Given that cytoplasmic levels of acetylated α‐tubulin in cholangiocytes are directly linked to the degree of HDAC6 expression and activity,( 9 , 23 ) cystic human cholangiocytes in culture were incubated with UDCA‐HDAC6i and protein expression of acetylated α‐tubulin was measured by immunoblotting. In addition, acetylation levels of lysine 9 of nuclear histone 3 (H3K9) were assessed as a selectivity test (negative control). The results (Fig. 1D) revealed that, at low concentration (2 μM), UDCA‐HDAC6i #1, #2, #6, and #9 increased acetylated α‐tubulin levels in cystic cholangiocytes, without affecting H3K9 acetylation, thus indicating a selective inhibitory activity on HDAC6. In contrast, UDCA‐HDAC6i #8 increased H3K9 acetylation, without affecting α‐tubulin acetylation. Of note, the predicted binding affinity (i.e., energy values by docking) of the aforementioned UDCA‐HDAC6i for HDAC6 and their effect on HDAC6‐dependent acetylated α‐tubulin levels in cystic cholangiocytes showed significant correlation (r 2 = 0.8031), supporting the accuracy of the computational approach used here (Fig. 1E).

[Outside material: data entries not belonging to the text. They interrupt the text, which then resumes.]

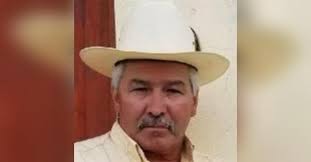 Homero Salinas Obituary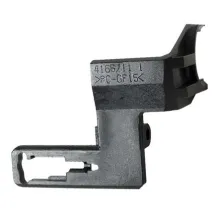 Запасная часть MAKITA Вилка переключения к HR5001C
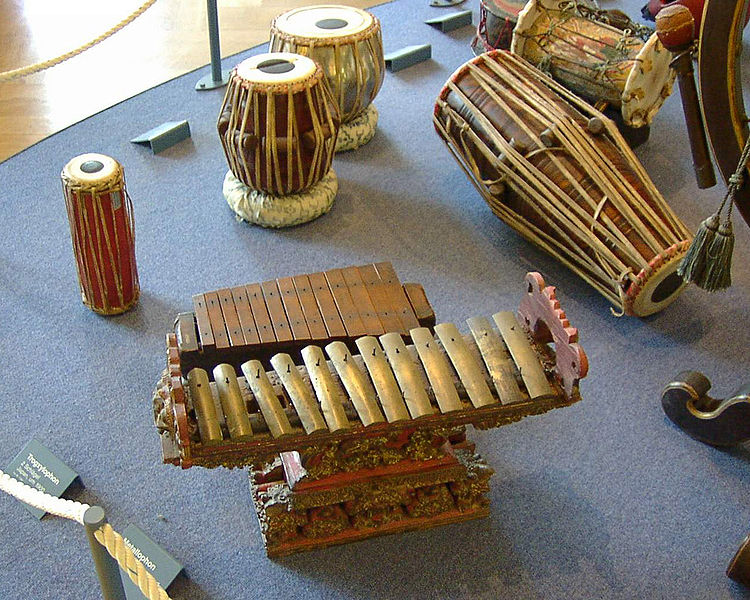 oficina de percussao Instrumento de percussão oficina de percussao Instrumento de percussão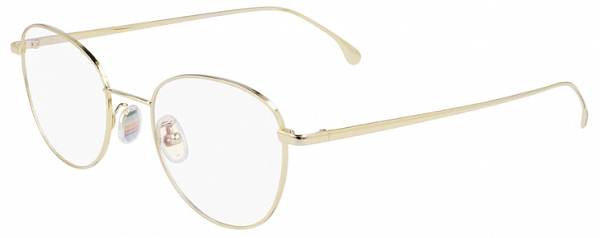Оправа Paul Smith Charlotte 001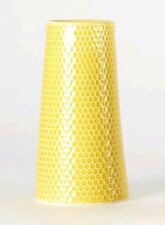 Pettine miele ceramica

Next, inhibitory capacity of UDCA‐HDAC6i #1, #2, #6, #8, and #9 on purified histone deacetylase 1 (HDAC1) and HDAC6 enzymes was measured by monitoring the dose‐dependent deacetylation of a fluorogenic acetylated peptide (Fig. 2A). UDCA‐HDAC6i #1, #2, #6, and #9 displayed low half maximal inhibitory concentration (IC50) values (58, 56.1, 82.1, and 4.26 nM, respectively) for HDAC6 inhibition, concomitantly with a high degree of selectivity, particularly in the case of compounds #1, #2, and #9 (Fig. 2A). As expected, UDCA‐HDAC6i #8 showed both high inhibitory activity and selectivity for HDAC1 (IC50 = 140 nM; Fig. 2A). Importantly, UDCA itself did not exhibit any direct HDAC inhibitory activity; however, its formal coupling with the separate spacer‐chelating component, 4‐(aminomethyl)‐N‐hydroxybenzamide hydrochloride [Fig. 2B, chelating‐spacer (8)], to form UDCA‐HDAC6i #1 significantly increased (~12‐fold) the HDAC6 inhibitory capacity of the chemical entity (IC50 = 689 vs. 58 nM; Fig. 2B), highlighting the active contribution of UDCA to the inhibitory activity of the UDCA‐HDAC6is (Fig. 2B and Supporting Fig. S1). In addition, the effect of UDCA‐HDAC6i #1 and #2 was also evaluated on purified HDAC2‐5 and HDAC7‐11 enzymes, showing quite similar inhibitory capacity to HDAC1 and significantly less compared to HDAC6 (Supporting Table S3). Of note, the 3D structural alignment of the catalytic domains of human HDAC1, 2, 3, 4, 7, and 8 and zebrafish HDAC10 (PDB entries: 5ICN, 6G3O, 4A69, 4CBT, 3ZNR, 5VI6, and 5TD7) with our docking model of human HDAC6 CD2 revealed that although all the analyzed HDAC active sites fitted well to the general model previously mentioned (Fig. 1A), they possessed important differences in the architectures of their outer rims, hydrophobic channels, and catalytic sites (Fig. 2C). In this regard, we found particularly relevant the high degree of sequence disparity between HDAC6 and the rest of the isoforms in the surface area occupied by UDCA in the three most active/selective inhibitors (Supporting Fig. S2), resulting in the absence of this cavity in the other HDAC isoforms, whereas the other two cavities occupied by less active/selective UDCA‐HDAC6is (e.g., UDCA‐HDAC6i #6) remained almost intact (Fig. 2D and Supporting Fig. S2).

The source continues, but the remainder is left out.